Everybody Wants Somebody Some Time


The Billy Wilder Centennial

The Billy Wilder comedy Kiss Me, Stupid is a middling entry in the directors cannon, and a film that generated some degree of ill-will against its creator in the Hollywood community. Enough people found this lightly tawdry comedy objectionable, that Wilder later commented that he made sure that his next film, the 1966 Matthau/Lemmon pairing The Fortune Cookie, have a fairly straight forward moral along conventional lines. But back to Stupid.

Kiss Me, Stupid stars Ray Walston and Cliff Osmond as a piano teacher (Orville J. Spooner) and service station operator (Barney Milsap) respectively. The two men live in the small town of Climax, Nevada (yes Wilder intended the name to have a double meaning), where they collaborate on song composition in their spare time, hoping to one day make it big. An opportunity to do just that comes along when a popular singer(Dean Martin who is playing a stereotyped version of himself, though in the film he is always referred to by his nickname of 'Dino') runs into some car trouble while passing through town.

With Dino being put up in Orville's house for the night while Barny 'fixes' his 'broken' car, the two anticipate having an easy time forcing the crooner to listen to their tunes, which they are sure he will love. However the sex-manic singer is more interested in finding a little action in the form of Mrs. Spooner, whose black negligee he stumbles upon, then in discovering new compositional talent. So Barny comes up with the idea of replacing Orville's wife Zelda (Mrs. Jack Lemon, Felicia Farr) for the night with Polly the Pistol (Kim Novak), a prostitute/waitress who works at towns only night spot. Mel Blanc also appears in a small cameo as Mrs. Spooners dentist.
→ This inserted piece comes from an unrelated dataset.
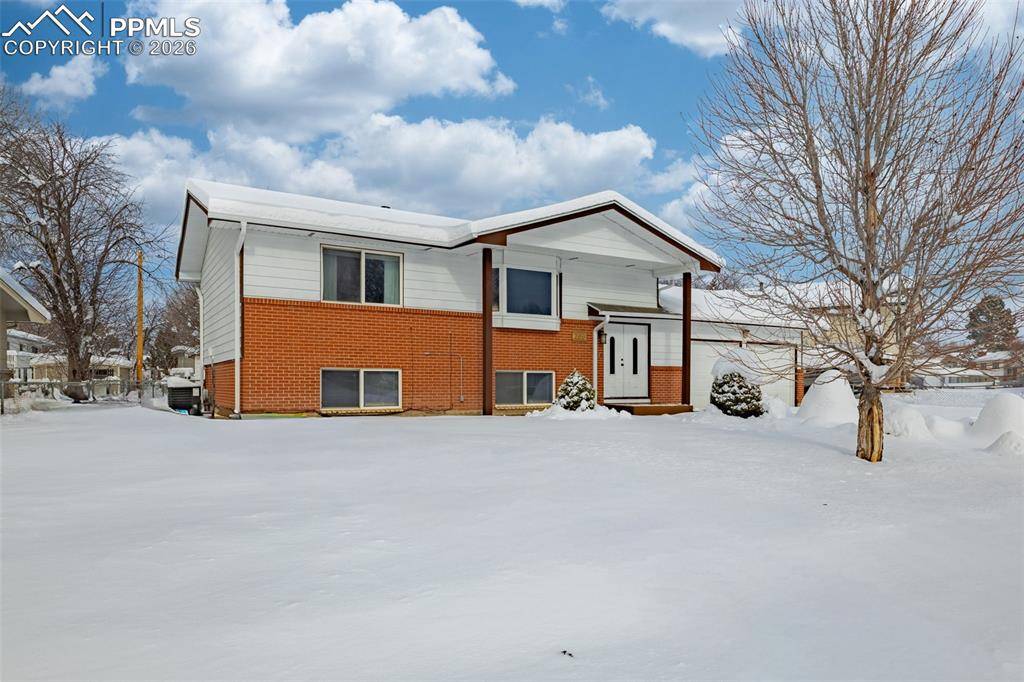 Colorado Springs, CO 80911,200 Dexter ST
The film contains all the standard Wilder/Diamond characters types, the schemer (Osmond), the dreamer (Walston), the womanizer (Martin), the prostitute with the heart of gold (Novak), and the idealized women (Farr). While all the pieces are there its still pretty mechanical, I mean I enjoyed it, it didn't disappoint, but it contained nothing the director hadn't done better in an earlier film. Compared to Wilders some what similar theatrical release of the previous year, that lost gem of a comedy that is Irma La Douce, Kiss Me, Stupid is merely an after thought.